UNITED STATES DISTRICT COURT DISTRICT OF NEVADA
Mar 15, 2013
2:11-CV-1111 JCM (NJK) (D. Nev. Mar. 15, 2013)

Opinion

2:11-CV-1111 JCM (NJK)

03-15-2013

CLARK COUNTY PROSECUTORS ASSOCIATION, Plaintiff, v. CLARK COUNTY BOARD OF COMMISSIONERS, et al., Defendants.


ORDER

Presently before the court is plaintiff's motion for summary judgment. (Doc. # 48). Defendants filed a response in opposition (doc. # 51), and plaintiff filed a reply (doc. # 52).

I. Background

On February 1, 2006, the Employee Management Relations Board ("EMRB") issued an order recognizing the Clark County Prosecutors Association ("CCPA") as a bargaining unit under NRS 288.028 for deputy district attorneys. On March 24, 2006, Clark County recognized the CCPA as the exclusive bargaining agent for all employees occupying certain classifications with the local district attorney's office.

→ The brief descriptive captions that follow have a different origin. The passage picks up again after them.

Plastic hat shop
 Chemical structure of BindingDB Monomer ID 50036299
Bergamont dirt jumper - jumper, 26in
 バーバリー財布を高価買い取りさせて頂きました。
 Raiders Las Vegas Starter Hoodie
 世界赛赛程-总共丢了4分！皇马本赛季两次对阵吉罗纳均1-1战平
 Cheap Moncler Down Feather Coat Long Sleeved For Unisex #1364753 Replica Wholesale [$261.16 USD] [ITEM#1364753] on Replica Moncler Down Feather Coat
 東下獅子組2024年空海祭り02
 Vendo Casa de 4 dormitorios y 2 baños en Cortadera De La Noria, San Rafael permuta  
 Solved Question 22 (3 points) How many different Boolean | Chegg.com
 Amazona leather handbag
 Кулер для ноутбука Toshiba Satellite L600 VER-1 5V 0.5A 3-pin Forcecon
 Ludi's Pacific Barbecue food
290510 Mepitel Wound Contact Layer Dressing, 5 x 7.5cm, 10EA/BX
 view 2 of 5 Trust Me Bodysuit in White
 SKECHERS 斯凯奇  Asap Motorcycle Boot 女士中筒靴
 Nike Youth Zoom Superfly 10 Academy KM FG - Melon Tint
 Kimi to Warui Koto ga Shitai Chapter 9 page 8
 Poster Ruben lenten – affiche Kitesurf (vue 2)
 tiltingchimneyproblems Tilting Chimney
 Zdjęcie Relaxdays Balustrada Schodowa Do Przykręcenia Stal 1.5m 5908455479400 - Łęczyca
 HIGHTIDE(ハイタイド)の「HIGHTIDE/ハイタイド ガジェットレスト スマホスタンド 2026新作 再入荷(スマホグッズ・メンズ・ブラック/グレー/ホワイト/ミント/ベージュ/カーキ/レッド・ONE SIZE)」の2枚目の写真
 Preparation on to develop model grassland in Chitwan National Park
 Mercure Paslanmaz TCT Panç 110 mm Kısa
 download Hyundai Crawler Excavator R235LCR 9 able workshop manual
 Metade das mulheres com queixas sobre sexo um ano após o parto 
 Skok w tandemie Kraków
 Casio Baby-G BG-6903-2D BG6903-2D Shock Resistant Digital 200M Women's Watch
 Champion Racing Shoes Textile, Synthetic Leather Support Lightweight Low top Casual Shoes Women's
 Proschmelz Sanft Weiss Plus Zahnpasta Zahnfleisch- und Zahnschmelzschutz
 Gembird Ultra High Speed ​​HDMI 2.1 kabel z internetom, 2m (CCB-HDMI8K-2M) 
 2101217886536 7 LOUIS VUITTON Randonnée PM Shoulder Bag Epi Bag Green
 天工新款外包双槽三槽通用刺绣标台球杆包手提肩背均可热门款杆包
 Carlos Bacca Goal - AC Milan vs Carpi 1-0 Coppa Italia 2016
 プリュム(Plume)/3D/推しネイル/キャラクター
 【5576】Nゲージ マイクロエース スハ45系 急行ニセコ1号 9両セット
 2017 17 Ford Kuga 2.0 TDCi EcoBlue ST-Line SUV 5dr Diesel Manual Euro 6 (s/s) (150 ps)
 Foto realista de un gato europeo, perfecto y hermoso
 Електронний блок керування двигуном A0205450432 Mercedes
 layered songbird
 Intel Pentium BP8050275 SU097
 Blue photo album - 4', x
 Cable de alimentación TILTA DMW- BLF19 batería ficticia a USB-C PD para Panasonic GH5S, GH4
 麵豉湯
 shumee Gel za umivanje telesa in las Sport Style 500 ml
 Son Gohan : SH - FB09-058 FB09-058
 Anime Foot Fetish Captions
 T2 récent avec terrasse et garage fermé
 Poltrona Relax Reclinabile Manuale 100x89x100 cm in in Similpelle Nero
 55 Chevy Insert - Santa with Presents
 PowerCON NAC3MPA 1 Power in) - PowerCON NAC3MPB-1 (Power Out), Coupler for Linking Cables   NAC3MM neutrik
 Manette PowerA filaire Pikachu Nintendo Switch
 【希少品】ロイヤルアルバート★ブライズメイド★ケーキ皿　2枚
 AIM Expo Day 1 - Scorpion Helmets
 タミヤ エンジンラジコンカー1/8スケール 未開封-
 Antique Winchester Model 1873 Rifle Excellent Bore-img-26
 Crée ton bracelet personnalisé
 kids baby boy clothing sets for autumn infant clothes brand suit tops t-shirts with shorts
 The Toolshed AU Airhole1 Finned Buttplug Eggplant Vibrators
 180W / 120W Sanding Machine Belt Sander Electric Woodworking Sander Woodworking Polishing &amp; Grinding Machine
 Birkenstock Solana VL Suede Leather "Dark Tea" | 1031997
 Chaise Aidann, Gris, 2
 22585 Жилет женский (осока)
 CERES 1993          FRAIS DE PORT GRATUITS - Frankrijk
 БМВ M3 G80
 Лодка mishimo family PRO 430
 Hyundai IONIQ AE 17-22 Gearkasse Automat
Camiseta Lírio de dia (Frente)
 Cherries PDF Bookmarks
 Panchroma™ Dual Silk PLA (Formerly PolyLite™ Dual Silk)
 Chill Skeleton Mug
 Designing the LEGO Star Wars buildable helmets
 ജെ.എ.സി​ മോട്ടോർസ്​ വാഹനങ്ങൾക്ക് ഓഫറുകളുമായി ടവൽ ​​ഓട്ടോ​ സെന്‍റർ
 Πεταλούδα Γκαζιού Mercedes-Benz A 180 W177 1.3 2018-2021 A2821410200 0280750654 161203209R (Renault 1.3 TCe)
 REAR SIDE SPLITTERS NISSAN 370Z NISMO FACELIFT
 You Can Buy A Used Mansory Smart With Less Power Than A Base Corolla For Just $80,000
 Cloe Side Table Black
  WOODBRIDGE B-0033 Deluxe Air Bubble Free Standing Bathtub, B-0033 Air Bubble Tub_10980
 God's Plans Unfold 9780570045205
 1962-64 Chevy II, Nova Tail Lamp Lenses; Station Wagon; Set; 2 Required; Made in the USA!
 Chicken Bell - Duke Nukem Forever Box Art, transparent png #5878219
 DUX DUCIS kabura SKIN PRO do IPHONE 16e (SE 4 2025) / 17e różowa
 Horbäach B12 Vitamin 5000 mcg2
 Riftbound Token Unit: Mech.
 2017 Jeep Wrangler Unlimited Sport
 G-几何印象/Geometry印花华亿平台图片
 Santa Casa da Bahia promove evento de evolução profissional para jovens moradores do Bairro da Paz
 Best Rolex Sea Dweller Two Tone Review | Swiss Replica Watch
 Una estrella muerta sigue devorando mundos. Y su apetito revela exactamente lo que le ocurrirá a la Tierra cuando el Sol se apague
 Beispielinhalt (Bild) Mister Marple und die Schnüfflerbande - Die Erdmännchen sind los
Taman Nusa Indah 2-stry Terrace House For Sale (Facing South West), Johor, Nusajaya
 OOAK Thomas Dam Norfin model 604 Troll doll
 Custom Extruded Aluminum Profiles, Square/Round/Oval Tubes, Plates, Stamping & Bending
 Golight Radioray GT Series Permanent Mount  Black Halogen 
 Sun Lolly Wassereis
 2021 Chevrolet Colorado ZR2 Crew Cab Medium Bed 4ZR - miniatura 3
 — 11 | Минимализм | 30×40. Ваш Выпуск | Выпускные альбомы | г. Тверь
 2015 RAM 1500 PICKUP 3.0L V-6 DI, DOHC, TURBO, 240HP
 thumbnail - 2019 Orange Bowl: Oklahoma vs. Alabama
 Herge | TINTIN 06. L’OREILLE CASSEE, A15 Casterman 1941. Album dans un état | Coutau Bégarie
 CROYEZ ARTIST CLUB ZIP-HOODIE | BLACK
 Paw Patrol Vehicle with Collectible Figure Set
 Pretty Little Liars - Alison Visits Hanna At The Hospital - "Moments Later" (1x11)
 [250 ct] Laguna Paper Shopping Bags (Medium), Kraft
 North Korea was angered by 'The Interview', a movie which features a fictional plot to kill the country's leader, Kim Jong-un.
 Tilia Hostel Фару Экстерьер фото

The CCPA and the county entered into collective bargaining. In or around July 2008, the CCPA and Clark County entered into a process agreement, which specified negotiated promotion and compensation changes. The CCPA alleged that beginning in May 2009, the county began to unilaterally make changes contrary to the bargained for process agreement. The CCPA pursued redress before the state courts and the EMRB.

In December 2009, the CCPA and the county entered into a settlement agreement resolving the claims before the state courts and the EMRB. The new settlement agreement was effectively a new collective bargaining agreement with a term running from June 30, 2008, through June 30, 2010.

Beginning in February 2010, the parties began to a negotiate a new agreement that would began effective July 1, 2010. The parties could not reach an agreement. There was a one year window, from July 1, 2010, through June 30, 2011, in which there was no governing collective bargaining agreement.

On June 20, 2011, the county sent a letter to the CCPA detailing the county's new statutory mandates under a potential new law, senate bill 98 ("SB 98"). Under SB 98, attorneys assigned to the civil division of the Clark County District Attorney's Office would be subject to certain changes in their treatment by the county. On June 30, 2011, the CCPA wrote a letter to the county informing the county that the CCPA believed that the proposed actions would be unlawful.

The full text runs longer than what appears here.